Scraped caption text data
——————————

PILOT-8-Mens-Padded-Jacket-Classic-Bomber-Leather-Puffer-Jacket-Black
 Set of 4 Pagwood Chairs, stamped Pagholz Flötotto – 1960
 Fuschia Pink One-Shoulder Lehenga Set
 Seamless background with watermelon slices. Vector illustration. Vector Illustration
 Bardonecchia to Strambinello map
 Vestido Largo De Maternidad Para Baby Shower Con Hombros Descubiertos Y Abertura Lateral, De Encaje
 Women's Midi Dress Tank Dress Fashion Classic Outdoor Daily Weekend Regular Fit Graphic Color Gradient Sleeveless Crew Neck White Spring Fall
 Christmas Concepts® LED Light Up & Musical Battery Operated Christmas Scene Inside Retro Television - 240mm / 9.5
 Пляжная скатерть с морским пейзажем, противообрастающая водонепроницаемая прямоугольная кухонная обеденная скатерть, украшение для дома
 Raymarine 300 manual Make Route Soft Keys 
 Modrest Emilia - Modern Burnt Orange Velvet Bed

——————————

> Task directions: For every line above with the word "Classic" in it, make a copy.

> Output below:
PILOT-8-Mens-Padded-Jacket-Classic-Bomber-Leather-Puffer-Jacket-Black
 Women's Midi Dress Tank Dress Fashion Classic Outdoor Daily Weekend Regular Fit Graphic Color Gradient Sleeveless Crew Neck White Spring Fall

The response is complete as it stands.